_Image-caption web data_:
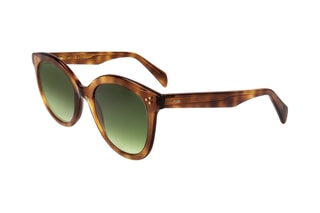Lunettes de soleil femme - Catégorie 3 - Maje
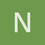 nbklaw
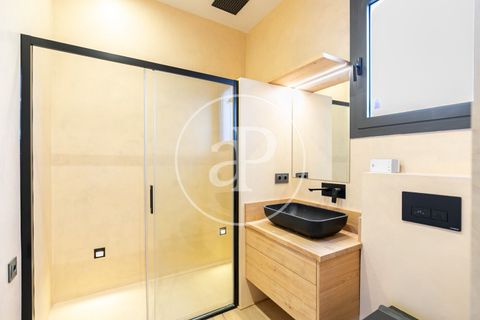 Villa i Barcelona, Barcelona, Barcelona - € 375.000 | Ref: VB2602061 - foto 11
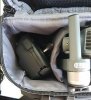 mavic case.JPG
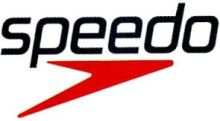 Speedo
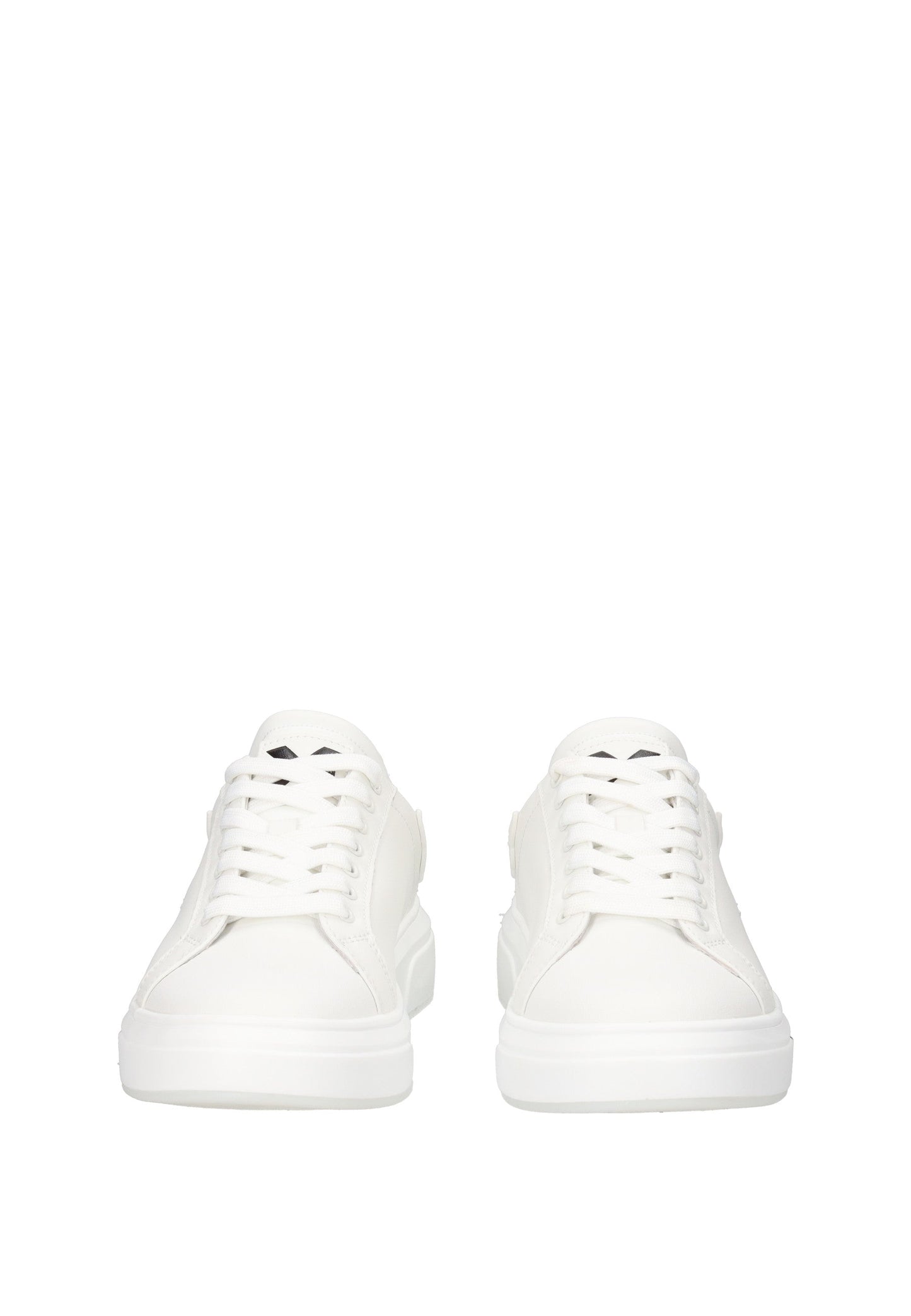 31016 sneaker JOHN RICHMOND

_PROMPT_:
Using the data above, write out every line exactly, leaving the images behind.

_ANSWER FOR THE TASK_:
Lunettes de soleil femme - Catégorie 3 - Maje
 nbklaw
 Villa i Barcelona, Barcelona, Barcelona - € 375.000 | Ref: VB2602061 - foto 11
 mavic case.JPG
 Speedo
 31016 sneaker JOHN RICHMOND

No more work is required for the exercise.